Short text fragments from websites
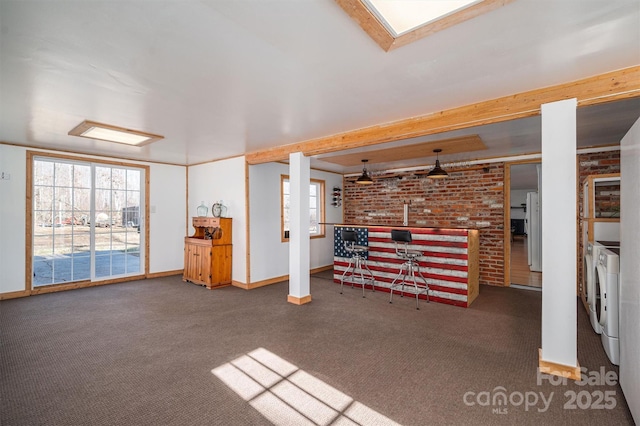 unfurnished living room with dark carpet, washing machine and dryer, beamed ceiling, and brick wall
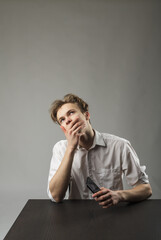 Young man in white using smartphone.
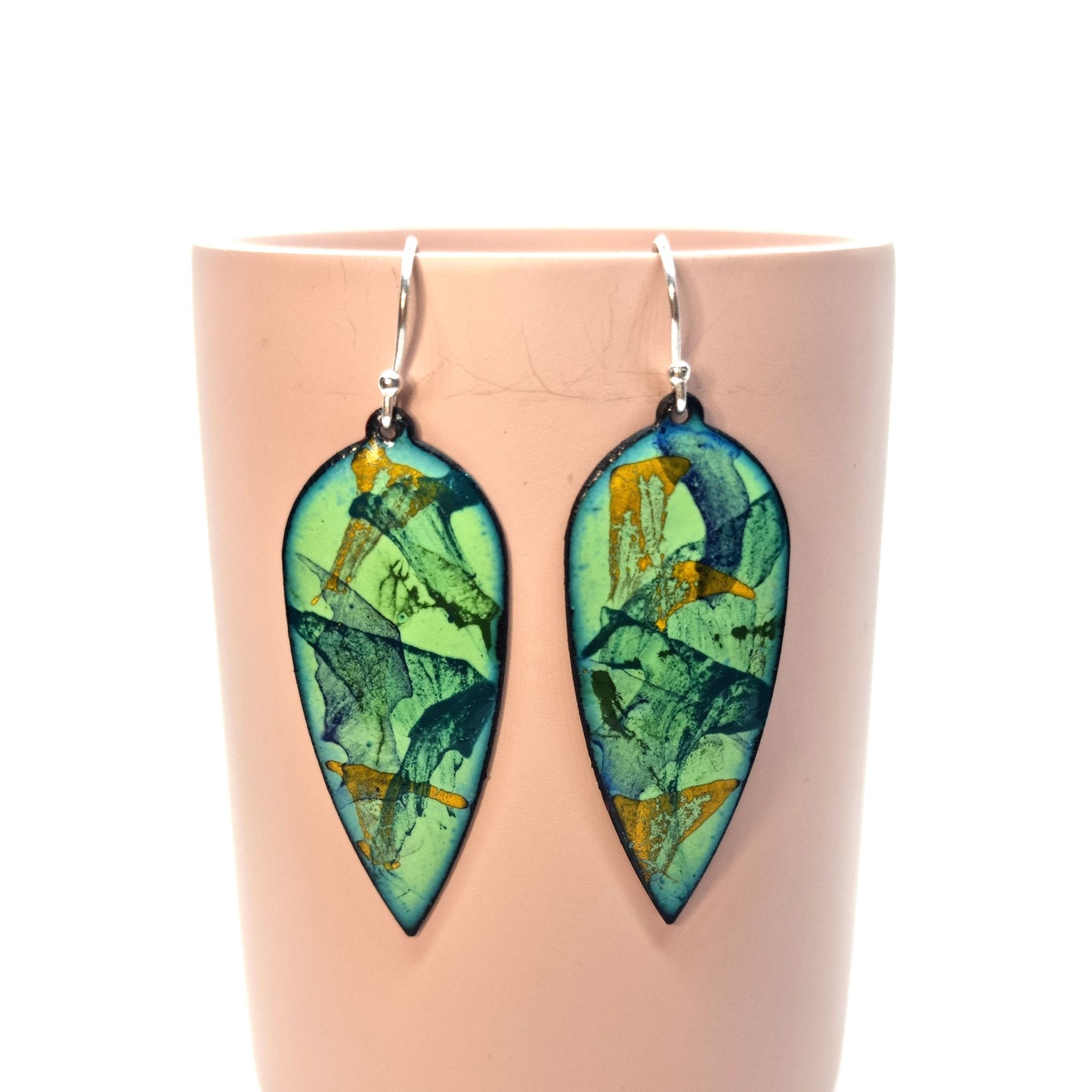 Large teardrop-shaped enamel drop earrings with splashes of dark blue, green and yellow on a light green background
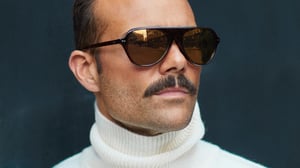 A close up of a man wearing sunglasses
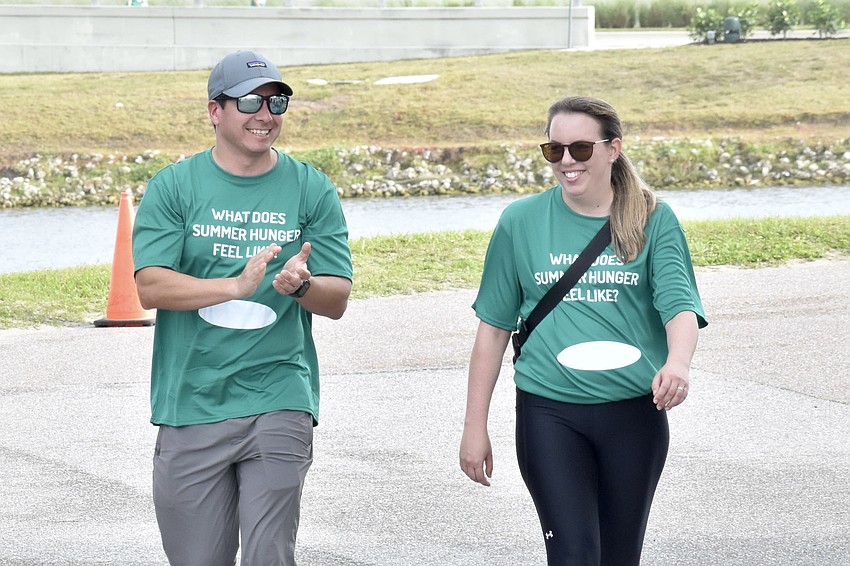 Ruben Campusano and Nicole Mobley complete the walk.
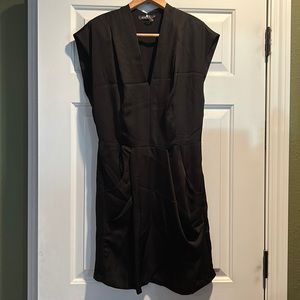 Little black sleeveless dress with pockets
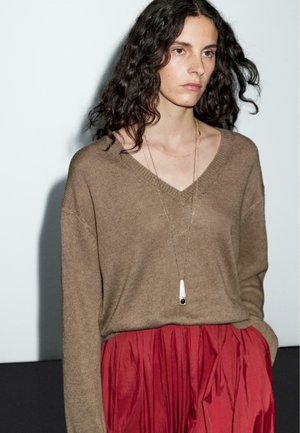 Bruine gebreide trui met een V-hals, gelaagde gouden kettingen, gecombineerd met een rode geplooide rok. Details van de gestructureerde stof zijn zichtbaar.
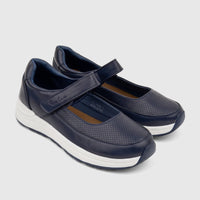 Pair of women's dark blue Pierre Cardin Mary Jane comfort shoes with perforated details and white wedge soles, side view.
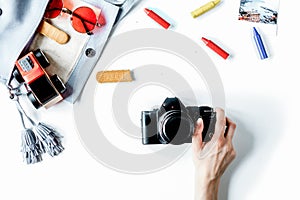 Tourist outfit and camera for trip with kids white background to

## Requirement
Each record has to be set down verbatim, and the pictures must not appear in the copy.

## Exercise output
 unfurnished living room with dark carpet, washing machine and dryer, beamed ceiling, and brick wall
 Young man in white using smartphone.
 Large teardrop-shaped enamel drop earrings with splashes of dark blue, green and yellow on a light green background
 A close up of a man wearing sunglasses
 Ruben Campusano and Nicole Mobley complete the walk.
 Little black sleeveless dress with pockets
 Bruine gebreide trui met een V-hals, gelaagde gouden kettingen, gecombineerd met een rode geplooide rok. Details van de gestructureerde stof zijn zichtbaar.
 Pair of women's dark blue Pierre Cardin Mary Jane comfort shoes with perforated details and white wedge soles, side view.
 Tourist outfit and camera for trip with kids white background to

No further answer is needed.